Could you copy exactly the lines below, beginning at the line with "Bücher: Buch: 1x1" and stopping after the line with "Toyota Hilux 3.0-HARDTOP-PĚKNÝ STAV", with no pictures?

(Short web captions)
________________________________________
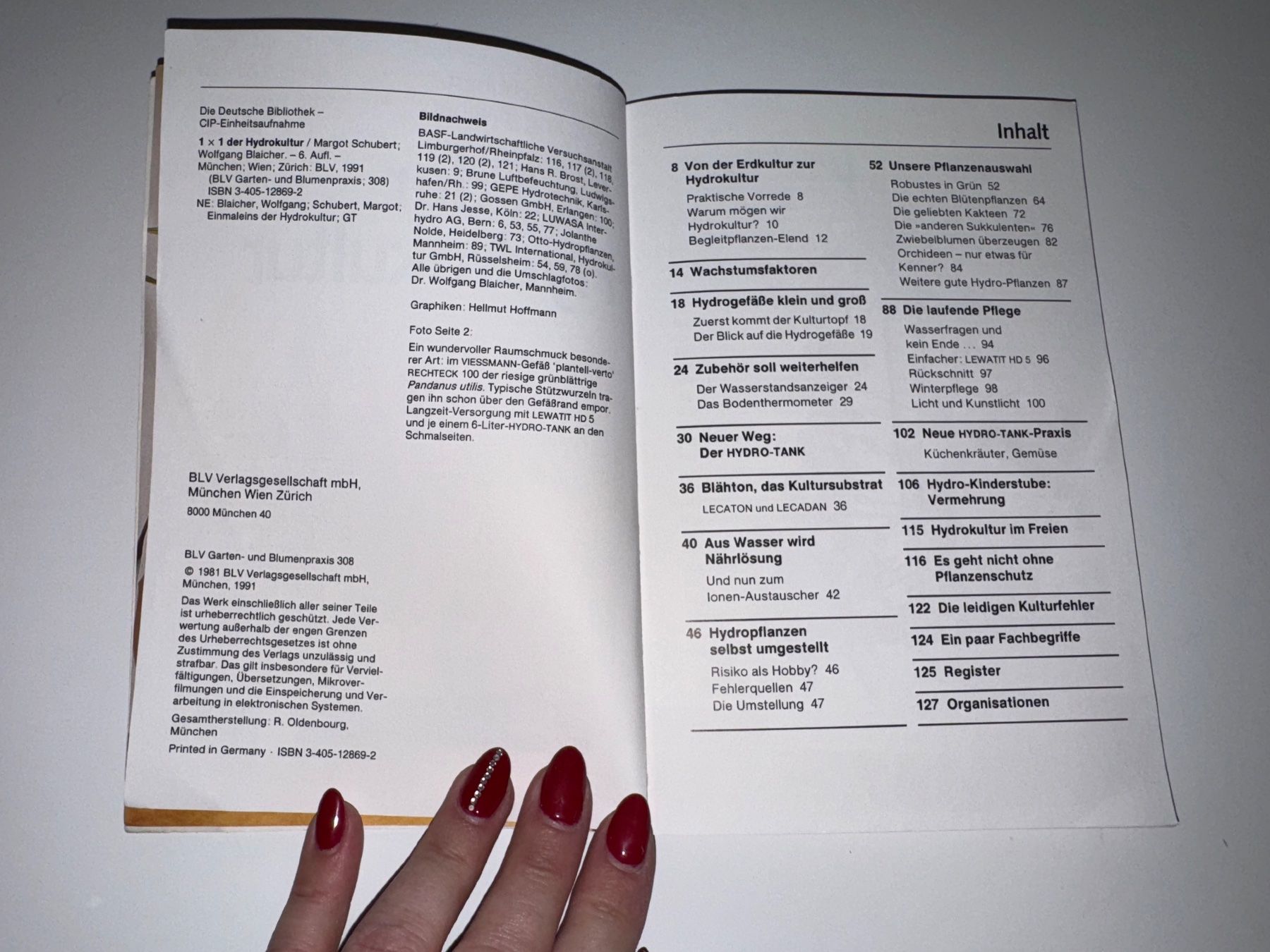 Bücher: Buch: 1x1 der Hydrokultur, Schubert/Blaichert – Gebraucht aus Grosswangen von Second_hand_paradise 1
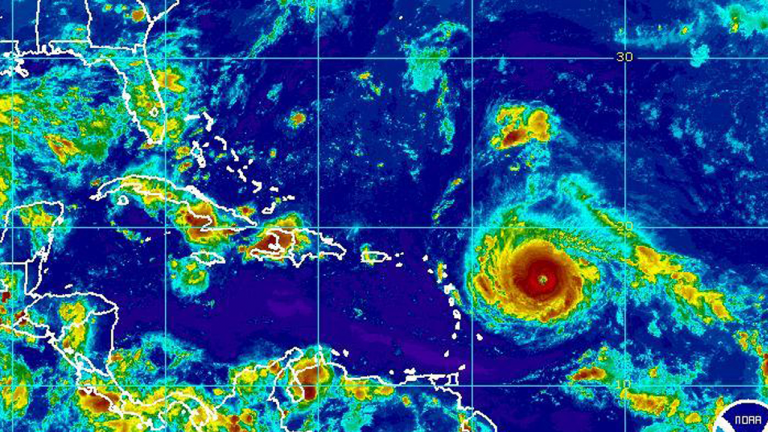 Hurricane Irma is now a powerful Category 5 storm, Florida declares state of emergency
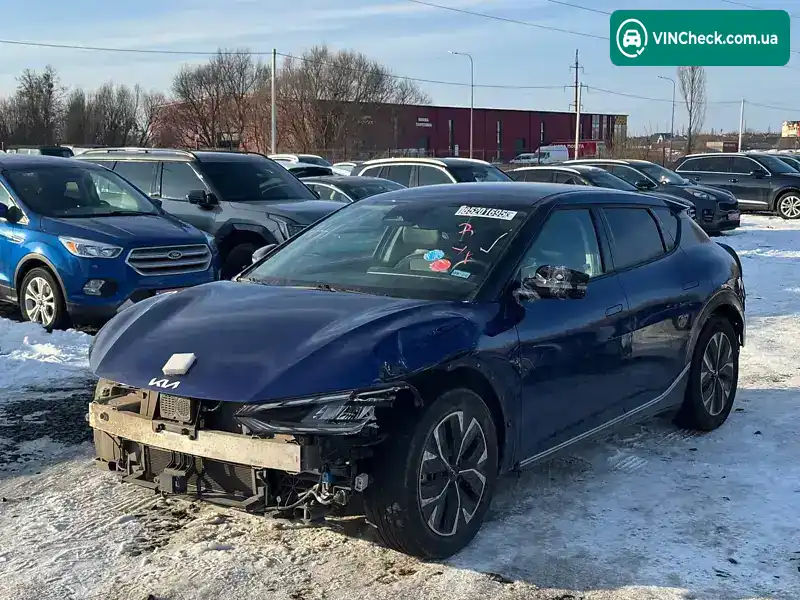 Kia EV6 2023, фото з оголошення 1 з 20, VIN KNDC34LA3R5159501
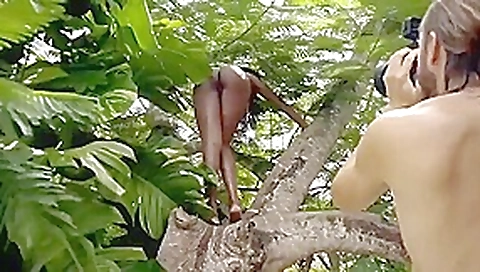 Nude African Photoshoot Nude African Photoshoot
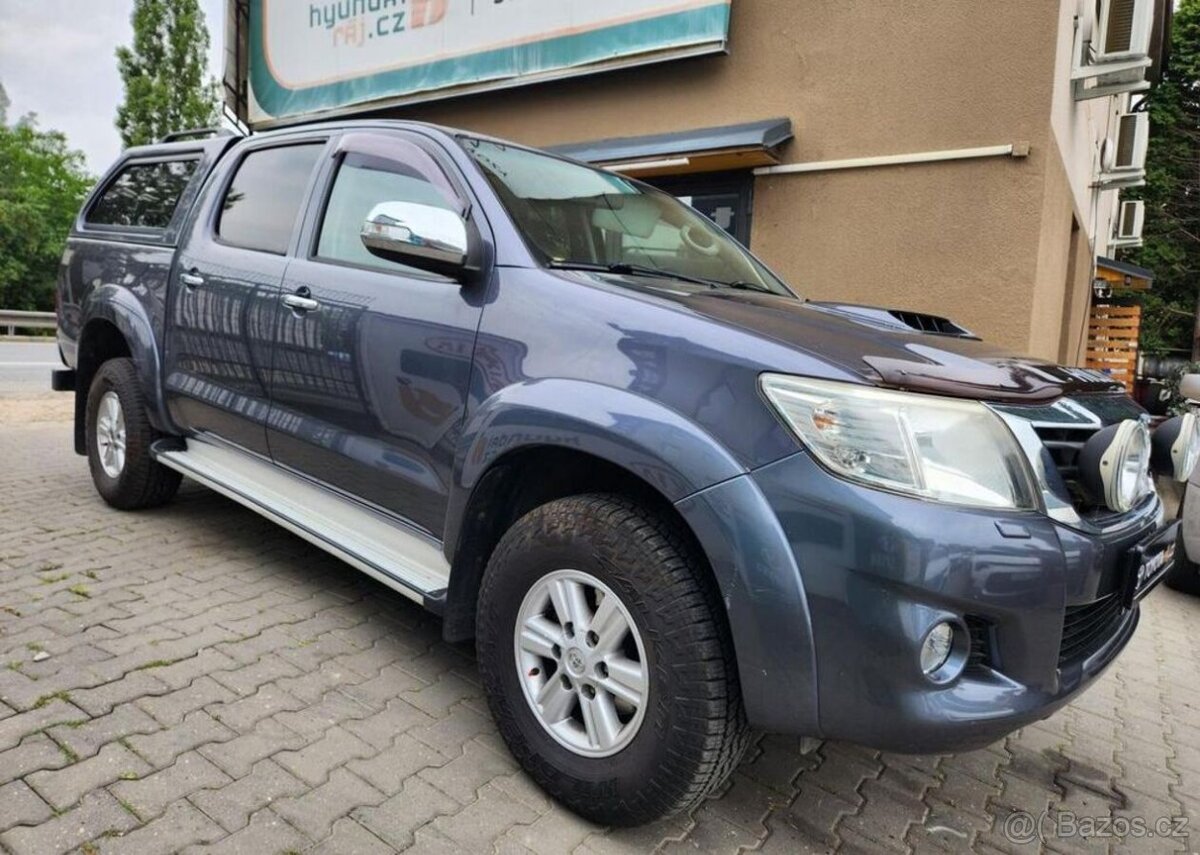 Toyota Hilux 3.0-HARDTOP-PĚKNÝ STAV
________________________________________
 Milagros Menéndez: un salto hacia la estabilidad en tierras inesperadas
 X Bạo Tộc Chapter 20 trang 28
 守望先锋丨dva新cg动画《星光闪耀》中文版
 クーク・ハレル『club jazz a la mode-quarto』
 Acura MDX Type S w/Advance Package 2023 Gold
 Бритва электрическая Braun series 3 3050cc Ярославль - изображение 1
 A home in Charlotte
________________________________________
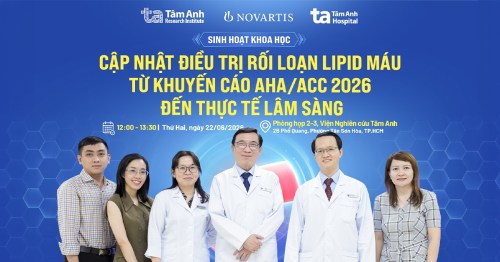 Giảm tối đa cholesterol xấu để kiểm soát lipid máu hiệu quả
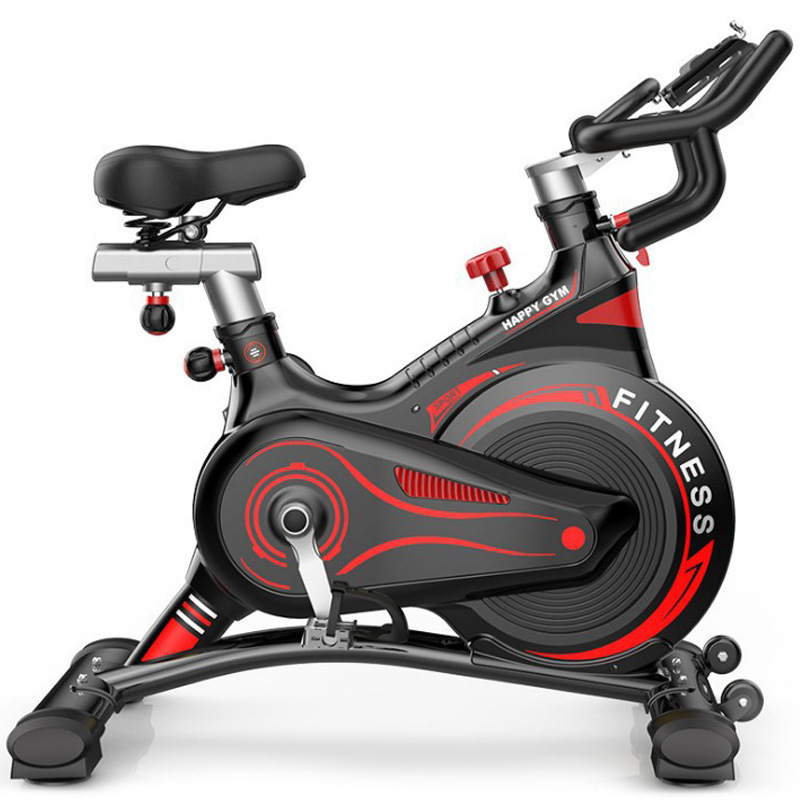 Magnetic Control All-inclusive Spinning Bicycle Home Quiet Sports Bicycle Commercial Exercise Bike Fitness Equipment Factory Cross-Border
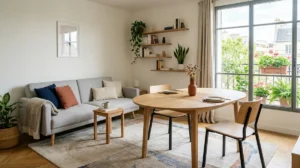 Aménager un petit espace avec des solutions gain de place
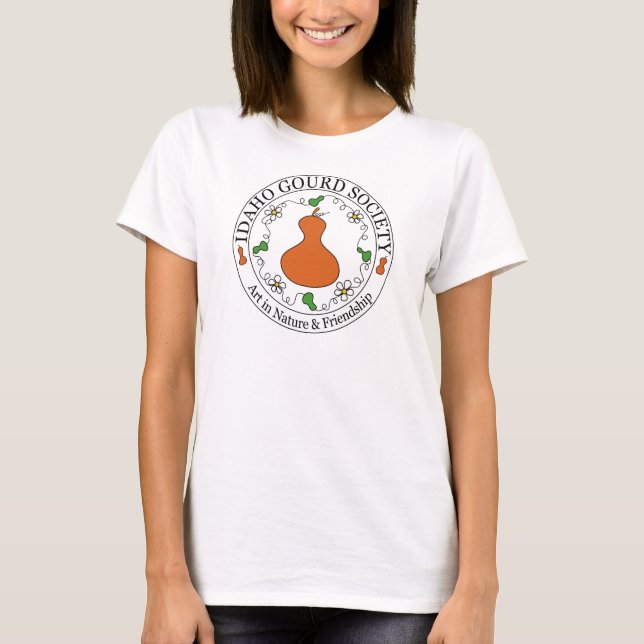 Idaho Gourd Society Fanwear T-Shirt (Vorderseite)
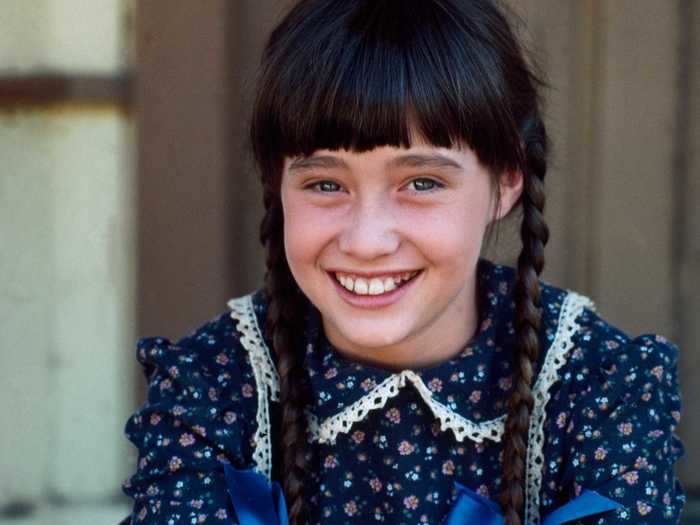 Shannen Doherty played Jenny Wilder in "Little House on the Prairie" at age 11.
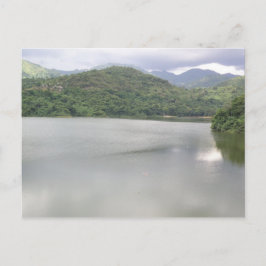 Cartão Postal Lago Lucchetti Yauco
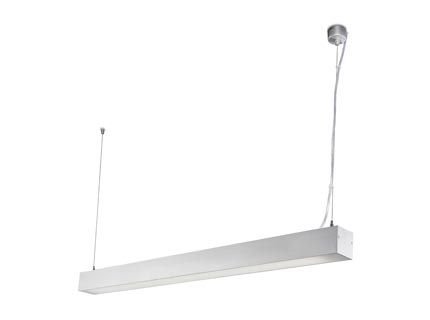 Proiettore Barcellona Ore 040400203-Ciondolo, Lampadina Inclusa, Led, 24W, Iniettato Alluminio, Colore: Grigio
________________________________________
- _Result of this exercise_
 Bücher: Buch: 1x1 der Hydrokultur, Schubert/Blaichert – Gebraucht aus Grosswangen von Second_hand_paradise 1
 Hurricane Irma is now a powerful Category 5 storm, Florida declares state of emergency
 Kia EV6 2023, фото з оголошення 1 з 20, VIN KNDC34LA3R5159501
 Nude African Photoshoot Nude African Photoshoot
 Toyota Hilux 3.0-HARDTOP-PĚKNÝ STAV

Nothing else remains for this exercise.